The legislative history of section 7425 shows that Congress was responding to the problems caused by the practice of foreclosing a senior security interest without notifying the government. S.Rep. No. 1708, 89th Cong., 2d Sess., reprinted in 1966 U.S.Code Cong. & Admin.News 3722, 3748. Foreclosure without notice had the effect of extinguishing the junior lien of the United States "under circumstances where it is not possible for the Internal Revenue Service to take steps to protect the United States in the collection of its tax revenues." Id. By adding the notice requirement, the government was given "an opportunity to review its position and determine the appropriate action without placing an undue burden on a foreclosing creditor." Id.
Neither the language nor the purpose of section 7425 supports the Government's claim that failure to comply with the notice provisions automatically elevates junior tax liens to priority status. By making property sold without notice "subject to" the lien of the United States, section 7425 merely preserves federal tax liens from being extinguished through sale of the underlying collateral; it does not otherwise alter the federal priority rules of I.R.C. Secs. 6321-6323.
Under the federal law of priority, the State's tax liens are senior to the federal tax liens. The district court therefore correctly granted summary judgment in favor of the State and ordered that the State had priority to satisfy its lien from the proceeds that resulted from the State's sale of the property to a third party.
We recognize that federal tax liens are important tools used to protect the "vital national interest" in collecting federal taxes. Southern Bank, 770 F.2d at 1009. We further agree with the Eleventh Circuit that
[b]ecause of this important interest, we cannot permit states to nullify the effectiveness of the federal tax lien by enacting nonjudicial foreclosure laws or by applying various equitable principles recognized by the state. The legislative history of 26 U.S.C. Sec. 7425 makes clear that Congress did not intend such a result.
Id. By applying the state law of merger, which here permitted an exception when the purchaser did not intend merger, we have neither nullified the effectiveness of federal tax liens nor allowed the states to alter the federal law of priority among competing liens. Rather than creating an exception to section 7425, as the Government argues, the result in this case is entirely consistent with the statute. The federal tax lien is preserved, and the priority among competing lienholders is decided on the basis of the federal law of priority.
The judgment of the district court is therefore AFFIRMED.
One district court has interpreted Southern Bank as requiring application of the doctrine of merger as a matter of federal law. See Title Guar. Co. v. IRS, 667 F.Supp. 767, 771-72 (D.Wyo.1987). We reject this interpretation. We read Southern Bank as holding that the foreclosure sale there resulted in a complete merger of title as a matter of Alabama state law.

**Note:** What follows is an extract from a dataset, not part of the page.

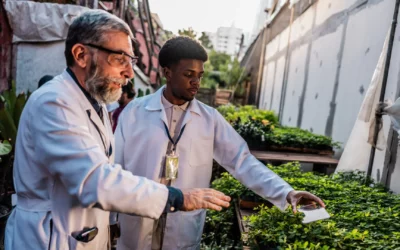 Forensic Botany in Stories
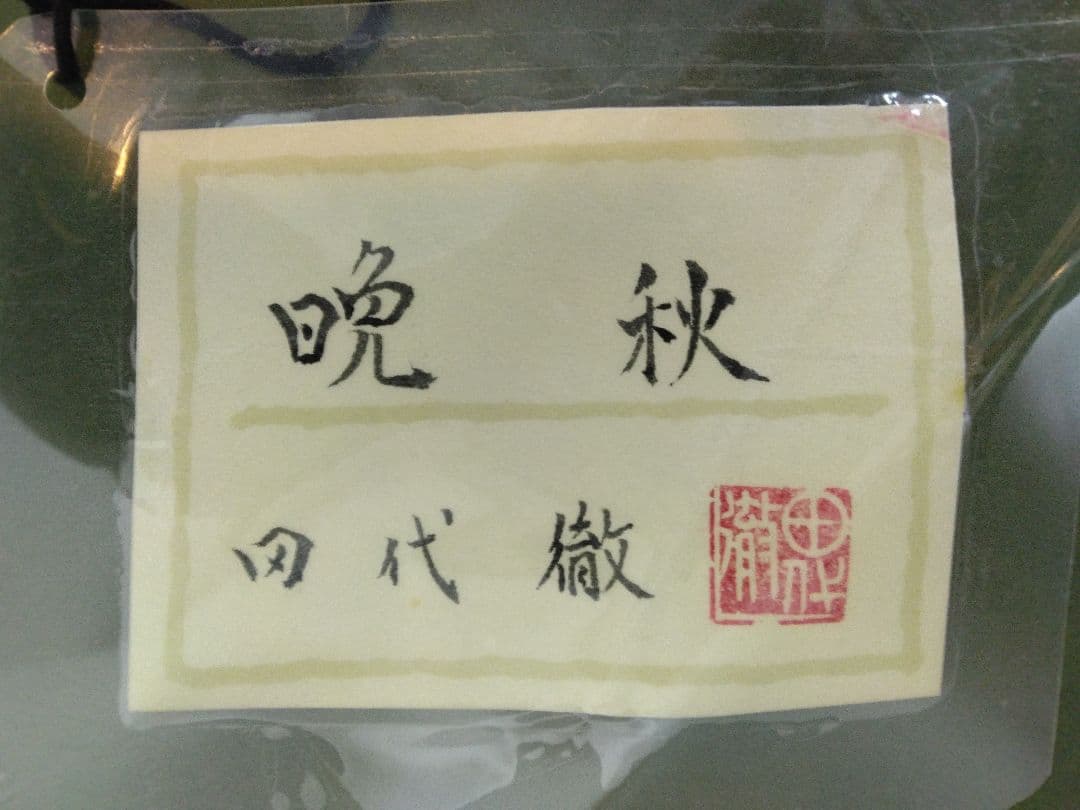 田代徹【晩秋】顔彩　額装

To the extent Southern Bank 's analysis may rely on preemption by I.R.C. Sec. 7425(b), we disagree
Colorado has codified a rule of merger with regard to mortgages. Colo.Rev.Stat. Sec. 38-38-109 (1982) provides:
If the holder of such mortgage acquires the title conveyed by virtue of such foreclosure, the title evidenced by the mortgage shall nevertheless continue to secure the lien for the remaining obligation and shall not merge with the title acquired by such foreclosure.